As far as professional videos go, I’m still so in awe of the video for Oren Lavie’s song ‘Her Morning Elegance’ – an amazing stop motion film that uses two people, a mattress and bedclothes to tell a story. Also the animated short ‘Harvey Krumpet’ is always a winner.”
How did you go about creating the video?
“I spent about a week listening to the song over and over whilst story-boarding, then another week or so surrounded by cardboard and old photographs making the sets (I think I spent a whole day making the brick house, even though it is only in the film for a few seconds!).
The actual filming was done in about 5 days (using around 2200 images), and the final stage was piecing it all together on screen. There were a few scenes I added in later (such as the moving shadow) as it is fairly tricky to predict where the drops in the song will fit.”
How long did it take you to create this video?
“From beginning to end it probably took about a month.”
“Rather than take the lyrics literally, I wanted to develop the overall theme of fragility and love, the idea of trusting someone and following them even though you’re not entirely sure where you will end up. The idea of setting it in two
varying worlds (paper and plasticine) was to add that sense of the unfamiliar, but have both characters morph into the same materials as a kind of unity and understanding.”
How would you describe the song ‘Fragile’ in 3 words?
“Catchy as ****!”
How would you describe the video for ‘Fragile’ in 3 words?
“Hopeful, Cute & Exhausting!”
What is your favorite part of the video?
“I was really pleased with how the transition between the album and the forest went – I only found out if it had worked once I started editing so that was a bit of a tense moment! I also like the flower and the pieces coming together to form the woman – there were a lot of ideas like that that didn’t quite work out that got cut but I’m pretty chuffed with the ones that made it.”
Is the paper woman in the video someone you know?
“No, all the photographs were ones I picked up in a flea market in Brighton. I originally just wanted one or two as main characters but there were so many great images that I decided to use them as the background as well. I like the idea
of these humble photographs that may have sat there for years getting a new lease of life. Who’d have thought that the woman, who I’m sure must have died long ago, would now be the main character in a music video!”

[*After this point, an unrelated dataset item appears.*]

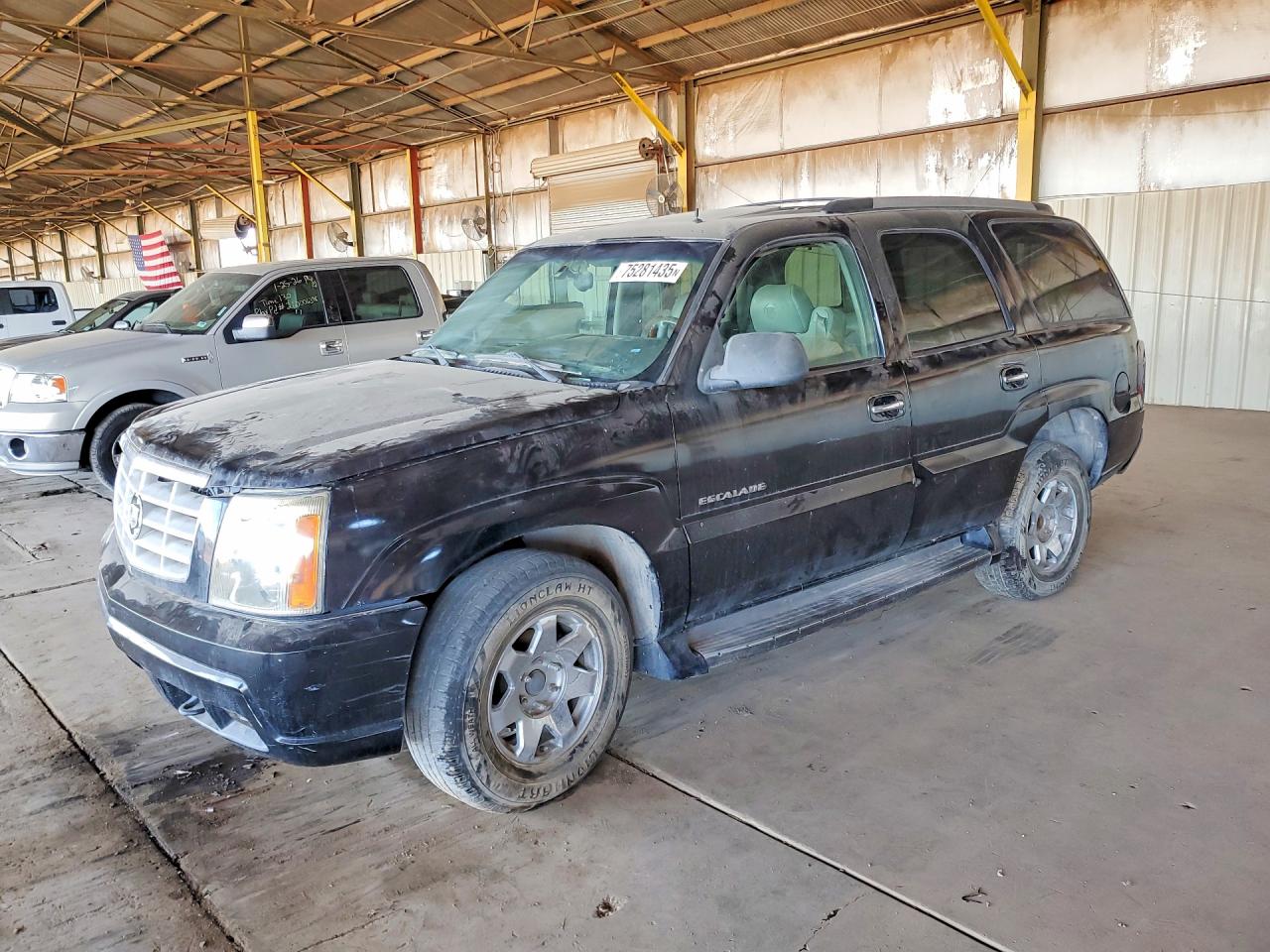 2002 Cadillac Escalade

“Not really, it’s more of a hypothetical ‘could-be-anyone’ kind of thing. Although the little girl was put in because she looked a bit like my little sister. I’ve had people speculating that she represents innocence fluttering about in the background, but I’m afraid it’s not as clever as that – it just made me smile!”
If you could choose another song off the new Urban Myth Club album to make a video for, which would it be?
“Probably ‘We Have Landed’ – I like the murky, Bjork feel to it. It’d be nice with some kind of grainy, abstract video to it.”